The Discontinuous Galerkin time-domain method (DGTD) can be seen a finite element type method in which the continuity between elements has been released [1]. This leads to very good properties (stencil compactness, possible local h-p adaptation) in view of dealing with complex wave-propagation problems in heterogeneous media [2, 3]. One of the fruits of the research conducted at the Nachos project-team on the formulation and implementation of
numerical methodologies based on the DGTD method is a parallel solver of 3D Maxwells equations on unstructured meshes which we refer to as MAXW-DGTD. In this talk, we will start by recalling the idea of the method. Then, we will give an overview of recent progress on the implementation, in MAXW-DGTD, of a hybrid coarse grain (MPI) / fine grain (OpenMp) parallelization strategy. One of the motivations behind this is to achieve good scalability results on the heterogeneous cluster/accelerator architecture proposed in the
DEEP-ER exascale european project, on which MAXW-DGTD is currently being adapted. Finally, we will also briefly discuss future plans of including MAXW-DGTD as a low-level solver embedded in the Multiscale Hybrid Method (MHM) framework developed at LNCC by Harder et al. [4].
References
[1] Fezoui, L., Lanteri, S., Lohrengel, S. and Piperno, S., Convergence and stability of a discontinuous Galerkin time-domain method for the 3D heterogeneous Maxwell equations on unstructured meshes. ESAIM: Math. Model. Numer. Anal., Vol. 39, No. 6, pp. 11491176,
2005.
[2] Fahs, H., Hadjem, A., Lanteri, S., Wiart, J. and Wong, M.F., Calculation of the SAR induced in head tissues using a high order DGTD method and triangulated geometrical models. IEEE Trans. Ant.

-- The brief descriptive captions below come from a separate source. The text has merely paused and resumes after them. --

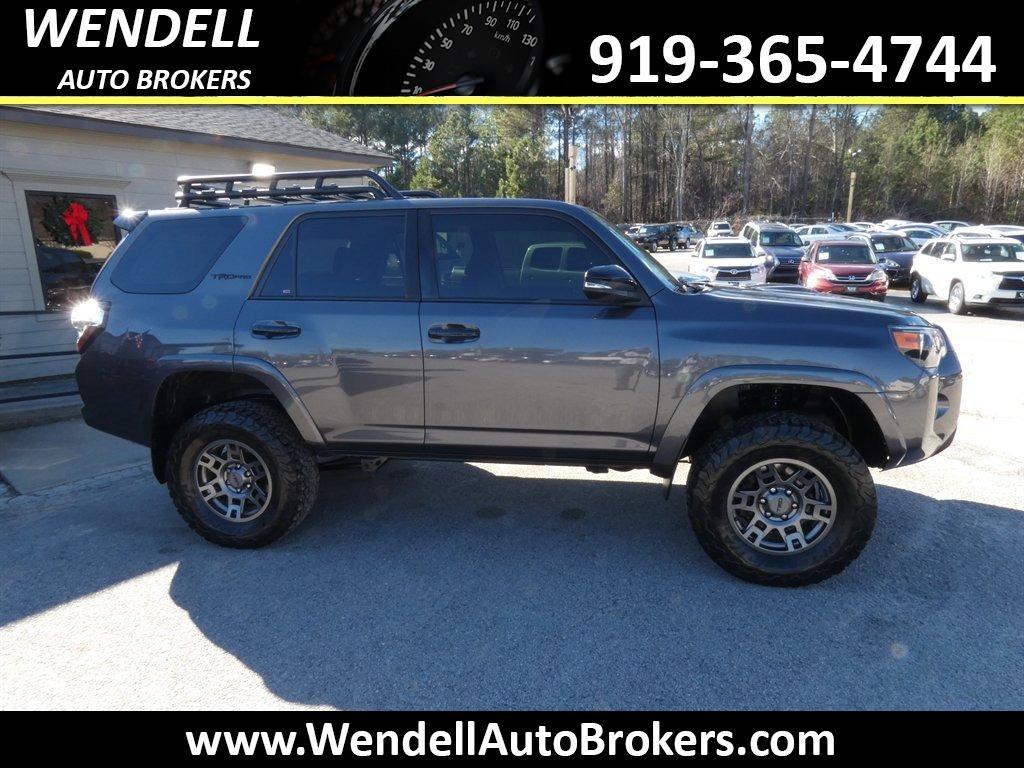 2020 Toyota 4Runner Venture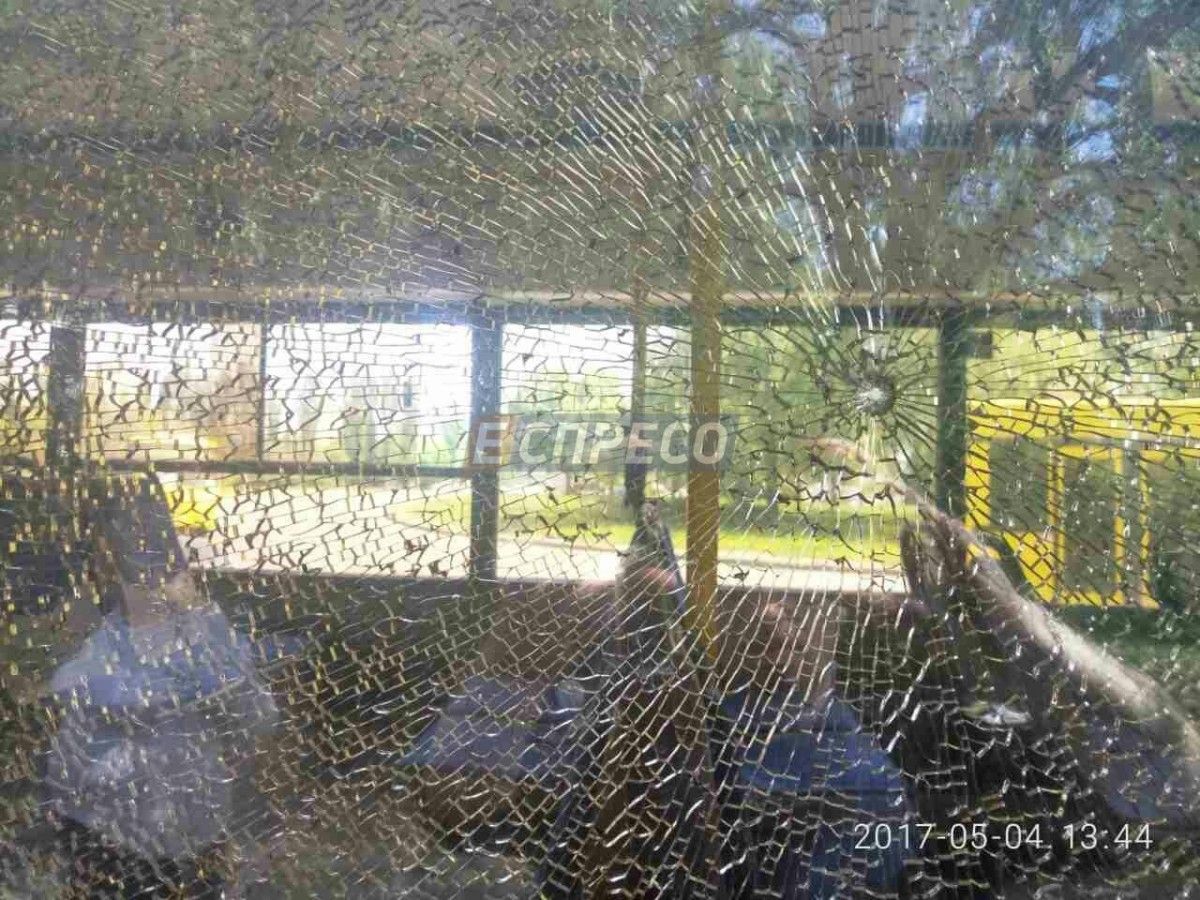 У столиці невідомий обстріляв автобус / Еспресо У столиці невідомий обстріляв автобус / Еспресо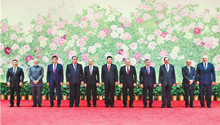 Chinese president hosts welcoming dinner for SCO guests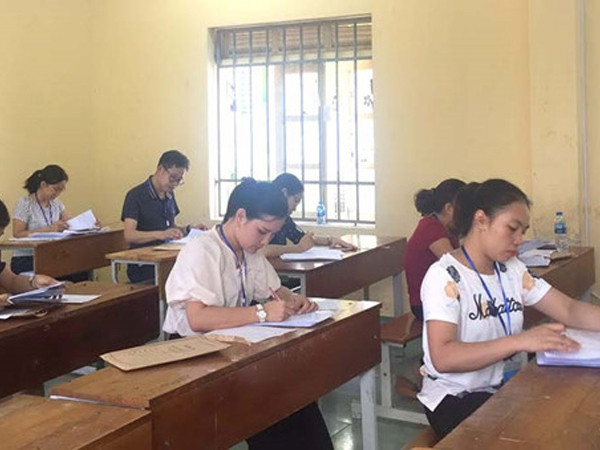 Chấm thi ở hội đồng thi tại tỉnh Hưng Yên.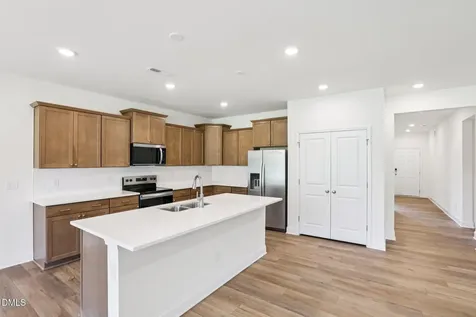 528 Hipwood Drive Zebulon NC 27597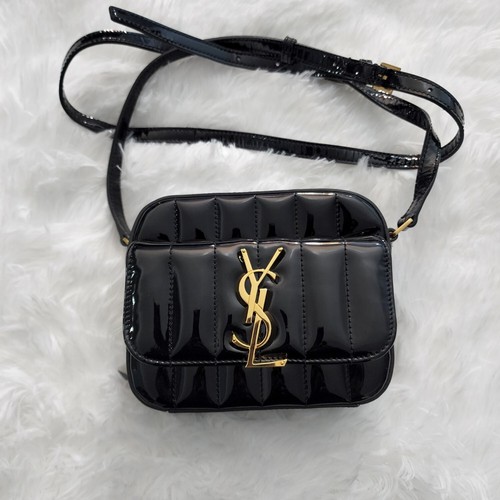 SAINT LAURENT (YSL) Borsa per fotocamera Saint Laurent Vicky nera in pelle verniciata trapuntata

Propag., Vol. 59, No. 12, pp. 4669-4678, 2011.
[3] Léger, R., Viquerat, J., Durochat, C., Scheid, C. and Lanteri, S., A parallel non-conforming multi/element DGTD method for the simulation of electromagnetic wave interaction with metallic nanoparticles. Journal of Computational and Applied Mathematics, ISSN 0377-0427, http://dx.doi.org/10.1016/j.cam.2013.12.042.
[4] Harder, C., Paredes, D. and Valentin, F., A family of multiscale hybrid-mixed finite element methods for the Darcy equation with rough coefficients. Journal of Computation Physics, Vol. 245, pp. 107-130, 2013.